High-Tech Ideas Grow in Camas

Logitech's team of engineers continues innovative tradition at new East County facility

What office worker wouldn't prefer the tranquility of working next to a golf course?

For a quick answer to that question, just ask any of the 110 employees of Logitech, Inc.'s new facility adjacent to Camas Meadows Golf Course – the pastoral backdrop for engineers working to develop some of the company's latest high-tech offerings.

"It's absolutely beautiful," said Mark Schneider, a vice president and manager of the Swiss peripheral device maker's audio division.

Schneider's division only recently moved into the Camas facility. The setting doesn't just offer pleasant vistas. The 70 audio engineers among Schneider's team, which moved from offices in Vancouver to the Camas facility in June, thrive on quiet as they meticulously tweak and measure sound.

According to Schneider, the unit develops self-amplified speakers for computers, accessories for digital music players such as a rechargeable iPod/iPhone dock, headsets used for Internet chatting and audio streaming devices. The company also sells a special line of "Ultimate Ears" headphones used as in-ear monitors for high-profile musicians and performers.

All these audio products are engineered in one place – Southwest Washington.

For many of the engineers at the Camas facility, their expertise evolved from knowledge developed at Labtec, the Vancouver-based firm acquired by Logitech in 2001 and an early leader in converting computer files to analog audio. According to Schneider, Logitech grew its business around Labtec's audio engineering experience.

"It's really where the center of excellence is within the company in terms of understanding digital audio – and as a result it would be very difficult to move this anywhere else," Schneider said of Labtec's home base in Vancouver. "You'd lose all the incorporated knowledge that has been built over time."

Logitech did consider locations throughout the Portland-Vancouver metropolitan area, including sites in Oregon, according to Bart Phillips, president of the Columbia River Economic Development Council.

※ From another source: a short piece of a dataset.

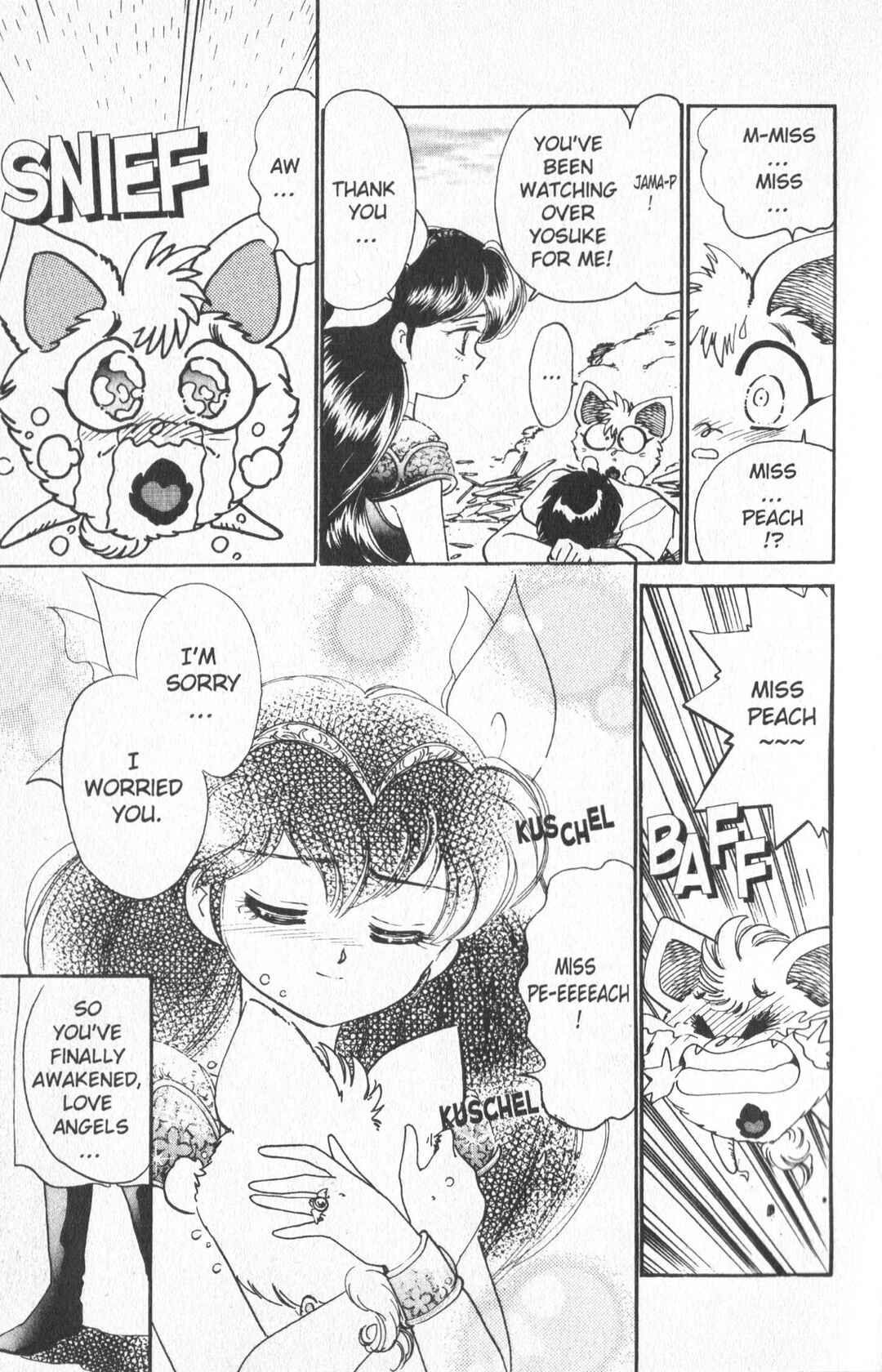 Page 25 Chapter 13 Wedding Peach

"Staying in the Portland area was something that was key for them," Phillips said. "The key piece for a knowledge-based business is to keep their talent and to recruit talent in the labor pool."

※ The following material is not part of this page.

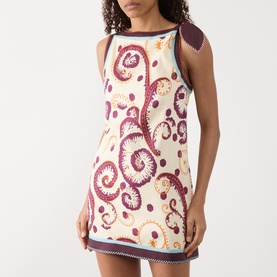 Wilson Printed Mini Shift Dress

According to Schneider, getting the best performance from speaker drivers requires subtle knowledge developed over years at Labtec. Over the past two years, the company has added to its core knowledge with a testing system called "mean opinion scoring," or MOS, so it can assess sound quality against reference speakers and under a range of conditions with different types of listeners. Sound quality isn't as subjective as it might seem, Schneider said.

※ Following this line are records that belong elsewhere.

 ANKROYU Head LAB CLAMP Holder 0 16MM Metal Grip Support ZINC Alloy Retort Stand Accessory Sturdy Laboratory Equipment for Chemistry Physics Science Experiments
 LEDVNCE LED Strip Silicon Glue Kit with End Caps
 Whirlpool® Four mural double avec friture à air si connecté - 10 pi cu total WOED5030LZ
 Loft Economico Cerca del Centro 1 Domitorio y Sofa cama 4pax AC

"The ability to rate the performance of these things is actually very surprisingly repeatable from person to person," he said. "If you think about it it's really a matter of physiology, not necessarily experience. Humans just hear sound in a certain way. Unless you have hearing loss it's repeatable from person to person."

The chance to improve this testing system was a factor that led to Schneider's team moving from Vancouver to Camas.

Today the company is building a dedicated MOS "scoring room" at Logitech's Camas facility that is flexible enough to be configured to different room sizes or featuring building materials that might deaden or amplify noise. That flexibility means a chance to test more listening environments in which customers might use Logitech's audio devices.

The new facility also gives Schneider's division the space for its own "anechoic chambers" – special rooms used to measure sound waves. These chambers must be large enough for repeatable tests from larger sound waves coming from subwoofers – a process Logitech used to perform off-site.08/20/2010 Edition.V2

Not anymore. "Our architectural firm worked directly with our acoustic engineers," Schneider said. "It's been a very special program."

The decision by Logitech to remain in the region was welcomed by tech industry boosters across Washington state.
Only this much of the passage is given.